Burton et Lazaridis ont aussi recruté des scientifiques externes talentueux pour former un Comité consultatif scientifique (Scientific Advisory Committee ou SAC), capable d’offrir un avis impartial et éclairé à ce jeune institut sur les grandes orientations de recherche. Le premier comité SAC comptait des figures de proue du monde de la physique, comme Roger Penrose, James Hartle, Chris Isham, Artur Ekert, Scott Tremaine, Ian Affleck, Cecilia Jarlskog et Joe Polchinski.

La première réunion du SAC a eu lieu au printemps 2001. Ces conseillers scientifiques de renom ont consacré énormément de temps et d’énergie à l’Institut, se souvient Robert Myers, membre du corps professoral fondateur (et plus tard directeur). « Je sais que Howard et l’ensemble de l’Institut ont grandement bénéficié de leurs conseils, de leur encadrement et de leurs recommandations. »

Au moment de sa fondation, l’Institut Périmètre comptait à l’interne trois professeurs (Robert Myers, Lee Smolin et Fotini Markopoulou), deux professeurs associés (Raymond Laflamme et Michele Mosca), ainsi que quatre boursiers postdoctoraux (Olaf Dreyer, Oliver Winkler, John Brodie et Konstantin Savvidis).

From vision to reality

En 25 ans, l’Institut Périmètre est passé à 25 professeures et professeurs de recherche, 22 professeures et professeurs associés (ayant une nomination conjointe entre Périmètre et d’autres établissements), ainsi que 70 boursiers postdoctoraux venus de 26 pays, 79 doctorantes et doctorants issus de 29 pays, et 25 étudiantes et étudiants à la maîtrise provenant de 18 pays.

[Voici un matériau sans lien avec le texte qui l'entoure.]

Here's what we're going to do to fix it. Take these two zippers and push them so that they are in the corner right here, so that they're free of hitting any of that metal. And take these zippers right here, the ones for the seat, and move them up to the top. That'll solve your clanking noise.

Aujourd’hui, l’Institut accueille sans cesse des centaines de scientifiques en visite, y compris des chaires de recherche invitées, des fellows, des conférencières et conférenciers, ainsi que de nombreux collaborateurs et invités. Chaque année, plus d’une douzaine de conférences sont organisées, réunissant à chaque fois des centaines de scientifiques du monde entier venus collaborer à Waterloo.

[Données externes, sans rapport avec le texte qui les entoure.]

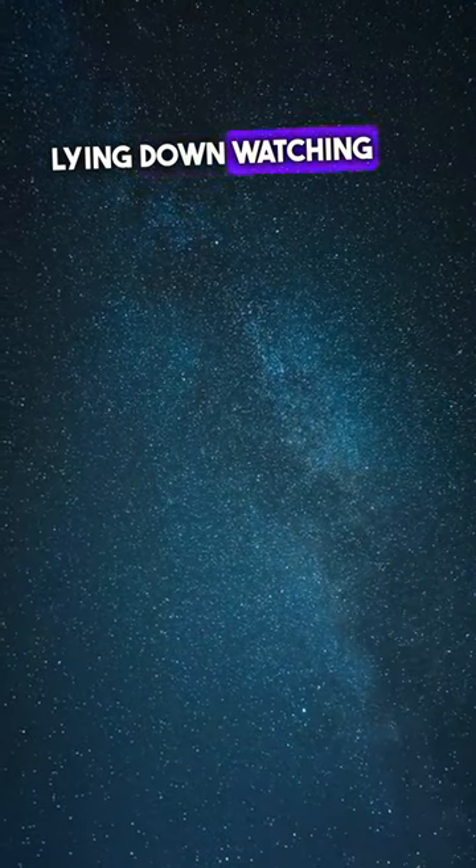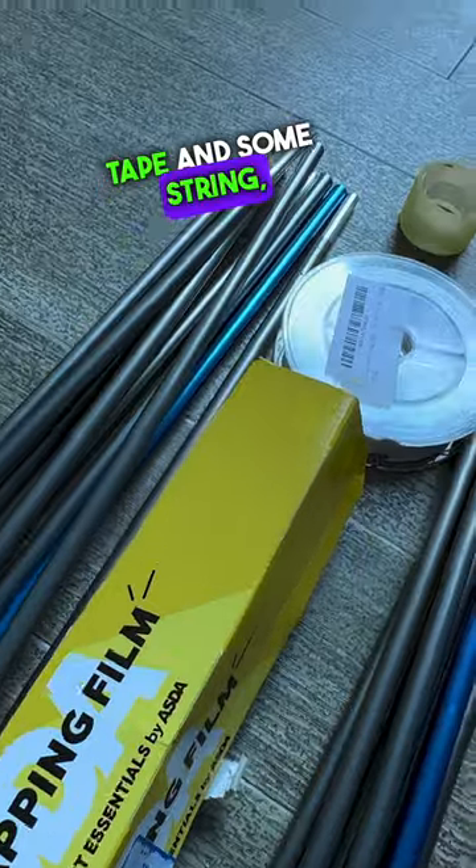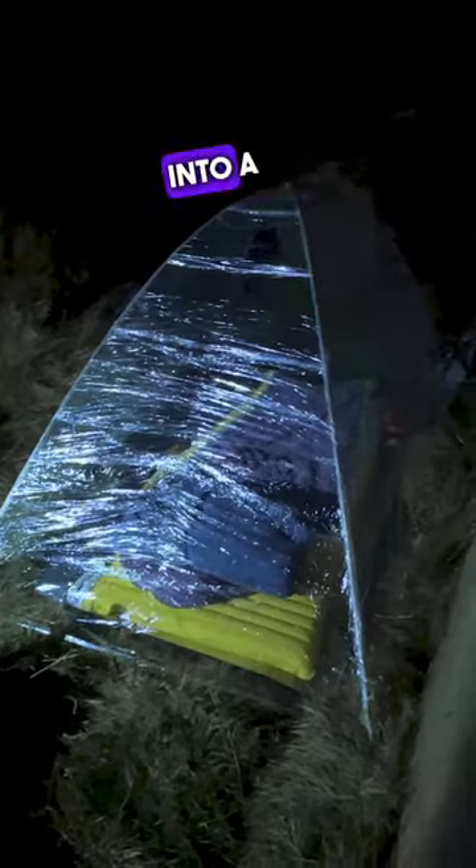Imagine lying down watching the stars in your very own see-through tent, using just cling-film, tape, and some string — we turn this simple idea into a stargazing reality.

At Perimeter Institute, collaboration has always been key. Researchers gather at the chalkboard to solve physics’ most complex problems.

L’Institut Périmètre abrite aussi une équipe de sensibilisation primée, composée de pédagogues chevronnés qui conçoivent et diffusent gratuitement du matériel destiné aux enseignants. Chaque année, cette équipe forme des enseignantes et enseignants du secondaire dans le monde entier afin que la physique moderne rejoigne des millions de jeunes dans des leçons captivantes et inspirantes.

Les conférences publiques de l’Institut Périmètre, immensément populaires dès le départ, avaient d’abord lieu dans divers édifices de la région, partout où l’on trouvait une salle suffisamment grande. Elles sont maintenant présentées dans le Théâtre des idées Mike-Lazaridis de l’Institut. Les billets s’envolent en quelques minutes, preuve de l’intérêt constant du public pour les développements les plus récents en physique.

Pour celles et ceux qui n’obtiennent pas de billets, les conférences sont diffusées en direct en ligne. Et il n’y a pas que les conférences publiques : les séminaires et ateliers de l’Institut Périmètre sont aussi accessibles gratuitement à tous et à toutes grâce à l’Archive des séminaires enregistrés de l’Institut Périmètre (PIRSA). N’importe qui, à n’importe quel niveau, peut suivre ces cours et séminaires depuis n’importe où dans le monde. Ces ressources sont une véritable mine d’or pour les jeunes qui rêvent de devenir physiciens ou physiciennes.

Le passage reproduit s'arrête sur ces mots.